Com os  imigrantes alemães, italianos, poloneses, etc., aqui no Sul do Brasil, as coisas aconteceram de forma bem diferente. Encontraram os luso-brasileiros há quase um século solidamente instalados na Província de São Pedro. Concentravam em suas mãos o poder econômico nas suas estâncias de gado, dominavam o comércio com a movimentação de tropas e com as caravanas de mulas, levavam charque e couros até as praças do centro do país. Ao mesmo tempo, concentravam em suas mãos todo o poder político regional e exerciam não pouca influência sobre a política imperial. Neste contexto coube aos alemães e, mais tarde, às outras correntes imigratórias, na condição de grupos minoritários, povoar e tornar produtivas as assim chamadas terras devolutas e as áreas cobertas de mata das estâncias de gado.  A justaposição geográfica com o entorno luso-brasileiro e o aparente isolamento étnico, cultural e lingüístico, social e político, levaram à interpretação equivocada do imigrante enquistado, fechado sobre si mesmo em suas picadas,  refratário a uma abertura para o mundo que não fosse o dele, desinteressado e alienado das movimentações sociais e políticas que aconteciam em sua volta.
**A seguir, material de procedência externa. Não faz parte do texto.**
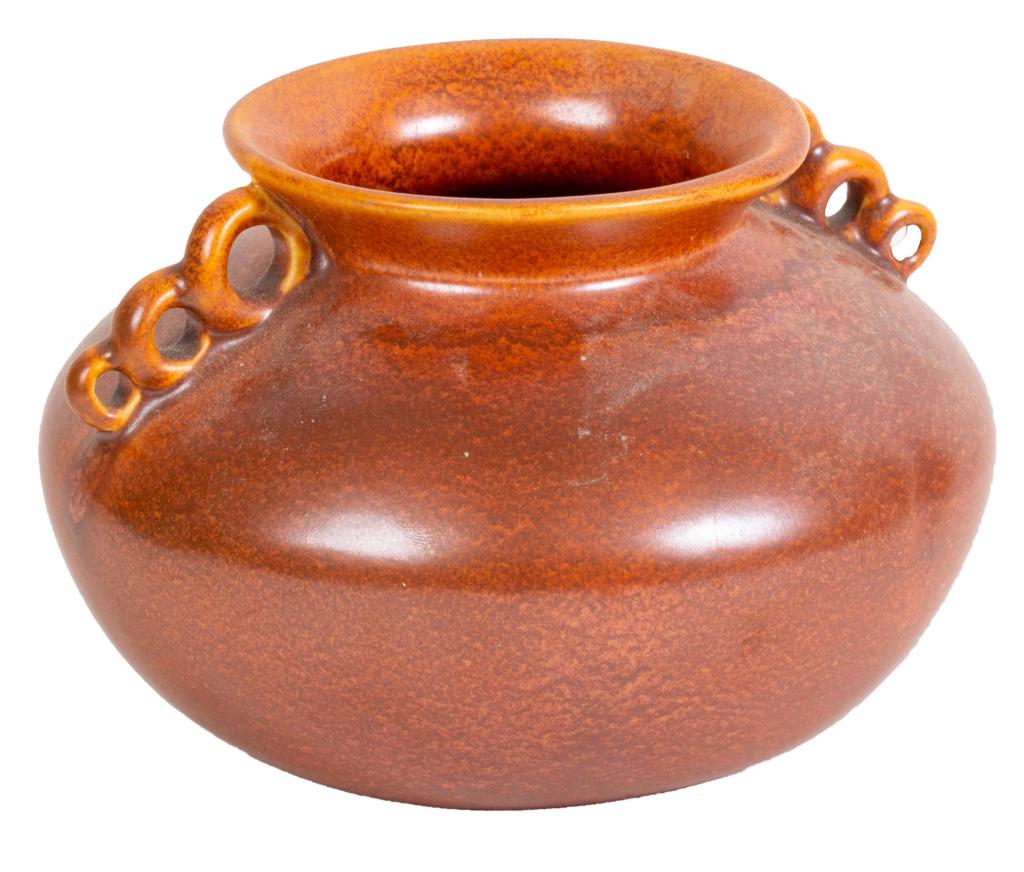Barbara Garrison Glazed Art Pottery Vase: Item/Description: Brown glazed vase with triple hole handle detail. Barbara Garrison label, loose but included. Material: Ceramic Dimensions: Diameter: 7"; Height: 4 3/4" Condition: Minor surface wear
Por muito tempo prevaleceu a falsa idéia do imigrante que venceu sozinho e apesar de tudo, os desafios da sobrevivência num contexto geográfico e humano hostil e vítima das convulsões sociais e das guerras que intranqüilizaram o Sul do Brasil no decorrer do século dezenove.
O trabalho pioneiro mais consistente nessa revisão da relação dos imigrantes alemães com a realidade geográfica e social em que foram inseridos, é o do prof. Marcos Justo Tramontini, uma grande esperança da nova geração de historiadores da imigração prematuramente falecido de câncer e 2004. Reuniu para a sua tese de doutorado defendida na Pontifícia Universidade Católica do Rio Grande do Sul, um vasto arsenal de documentos e fontes que desmontam em grande parte ao menos, a idealização do imigrante alemão como um mero espectador, vítima, sobrevivente em meio às vicissitudes circunstanciais em que foi obrigado a tentar uma nova vida. À documentação e às fontes reunidas pelo prof. Tramontini, estamos em condições de acrescentar a Crônica de Bom Jardim do Pe. Carl Schlitz, uma minuciosa história regional, que tem como foco os  vales do rios dos Sinos e do Caí, mas insere-se na perspectiva  da história do Rio Grande do Sul como um todo, contada por testemunhas oculares dos acontecimentos nela enfocados.
O começo, isto é, de modo especial até a primeira colheita, implicou em vivências penosas e difíceis, acompanhadas de um aprendizado muito duro. Baseado em informantes que tinham participado dessa experiência, o Pe. Schlitz fixou um quadro minucioso daquela situação.
O primeiro grande desafio enfrentado pelos recém chegados, foi a alimentação. Precariamente alojados em alguma propriedade já existente ou, simplesmente ao relento, obrigaram-se a consumir o que era possível encontrar por perto. E, no caso dos pioneiros de Bom Jardim, o único recurso disponível em quantidade suficiente, resumia-se  em abóboras e laranjas compradas no Portão. Nos primeiros meses as refeições não passavam do mingau de abóbora no desjejum, no almoço e na janta. Em outros pratos como feijão, carne, arroz, etc. ou em pão, nem pensar.
A Crônica mostra também em detalhes  como os pioneiros aprenderam a lidar com a mata virgem. Abriram as primeiras clareiras munidos apenas com facão, foice e machado. E, para livrar-se dos galhos e vegetação seca depois de posta abaixo, recorreram à técnica dos nativos da coivara, a queima do material seco. Feito isso à base de muito esforço, os primeiros metros quadrados de chão estavam livres para receberem as sementes. A questão que se colocava então foi: o que plantar e como proceder. Observando os luso brasileiros nas redondezas os imigrantes adotaram o cultivo dos produtos que serviam de base da alimentação na região: feijão, milho. aipim, abóboras, batata doce, cana de açúcar, ... A adoção dessas culturas veio acompanhada do aprendizado de como cultivá-las. Como se pode  ver, os colonos viram-se, desde o começo,  na contingência de recorrer à população  luso brasileira e aos próprios nativos, para se apropriarem dos meios indispensáveis para a sobrevivência. Desde logo pois, somam-se  as evidências de que o isolamento que se atribui aos imigrantes alemães nas primeiras gerações foi, no mínimo, algo muito relativo. Pela força das circunstâncias e pela convicção própria dos colonos de que aqui estavam-se fixando em caráter  definitivo, o isolamento, assim como é apresentado como um fato pacificamente aceito, de fato nunca existiu. A imagem do colono alemão jogado na mata virgem, sozinho e entregue à própria sorte, é talvez verdadeira em alguns poucos aspectos. O processo de inserção na nova realidade, tanto física quanto cultural, se fez sentir desde o primeiro dia.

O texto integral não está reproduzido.